Gamebird Shooting in Sheffield & South Yorkshire
The sight and sound of a pheasant is almost ubiquitous in the fields around Sheffield and South Yorkshire. Any day out in the countryside will eventually involve the familiar coarse squawk as they dash out from the scrub.
But why are they here and why do people care? There is growing unease about the presence of pheasants – and their associates, red-legged partridges – in the UK countryside. The prevalence of these birds is the end result of a deeply damaging and divisive shooting industry. Each year, more and more opponents are speaking out about the animal welfare issues and environmental impacts of this industry.
Pheasants and red-legged partridges are reared far away from Sheffield, in intensive battery farms in the UK or abroad. Pheasants and red-legged partridges do not live here naturally. 57 million birds are imported and released onto UK shooting estates each year. Because they have not evolved in and with the local ecology, the mass introductions have a significant impact on local biodiversity. Their release to new areas as adolescents also helps explain their high-mortality rate on local roads.
Let’s start at the beginning. Reared gamebirds are born into industrial factory farms which hatch millions of chicks each year. Their lives are below the standard of any bird reared for food. Repeated undercover investigations from animal charities such as Animal Aid have evidenced the conditions on farms in England and Wales and it is brutal. Thousands of tiny chicks are thrown onto conveyor belts – and live chicks who don’t make the grade are even thrown into a macerator, where they are shredded to death. For those who survive this start in life, it only gets worse.
Reared gamebirds are kept for months (and laying hens are even kept for years) in barren, cramped metal cages with no enrichment. Conditions during the summer months are stifling, as recently reported by The Independent. The birds suffer wounds and injuries from fighting and attempts to escape. They are bound at the beak with plastic to prevent pecking one another.

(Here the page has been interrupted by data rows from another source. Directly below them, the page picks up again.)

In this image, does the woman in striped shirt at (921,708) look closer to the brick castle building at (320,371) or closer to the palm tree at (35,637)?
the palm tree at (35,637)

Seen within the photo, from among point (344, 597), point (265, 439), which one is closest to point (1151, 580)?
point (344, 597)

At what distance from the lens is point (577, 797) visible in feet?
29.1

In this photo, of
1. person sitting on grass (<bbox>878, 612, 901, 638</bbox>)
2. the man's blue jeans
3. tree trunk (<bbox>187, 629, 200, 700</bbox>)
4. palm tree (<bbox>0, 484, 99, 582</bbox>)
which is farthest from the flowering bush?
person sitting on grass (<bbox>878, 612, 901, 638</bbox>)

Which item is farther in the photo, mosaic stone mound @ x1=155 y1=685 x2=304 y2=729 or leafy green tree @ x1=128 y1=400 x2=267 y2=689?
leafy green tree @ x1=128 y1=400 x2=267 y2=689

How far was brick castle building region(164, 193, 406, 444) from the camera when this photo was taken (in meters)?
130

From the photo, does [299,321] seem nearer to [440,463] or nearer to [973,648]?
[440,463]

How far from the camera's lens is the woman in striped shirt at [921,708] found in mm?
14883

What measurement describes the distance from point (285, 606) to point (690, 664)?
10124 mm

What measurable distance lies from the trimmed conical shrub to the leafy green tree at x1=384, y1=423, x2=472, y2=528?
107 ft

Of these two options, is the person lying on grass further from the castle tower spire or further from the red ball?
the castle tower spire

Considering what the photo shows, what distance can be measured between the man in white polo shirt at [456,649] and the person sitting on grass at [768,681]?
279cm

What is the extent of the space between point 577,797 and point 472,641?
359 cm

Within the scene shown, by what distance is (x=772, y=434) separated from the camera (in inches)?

Poults (young gamebirds) are sold on to shooting estates for just £2-4 each. They are transported in cramped, plastic crates across the country (and even from mainland Europe). They are put into pens, where they acclimatise and continue growing through the summer. Their quality of life depends entirely on the will and skill of the gamekeeper. Here in the Peak District, Moorland Monitors have found birds dead and dying in the pens. In August 2020, we found a bird that appeared to have died tangled up in the loose netting of a pen on Eyam Moor.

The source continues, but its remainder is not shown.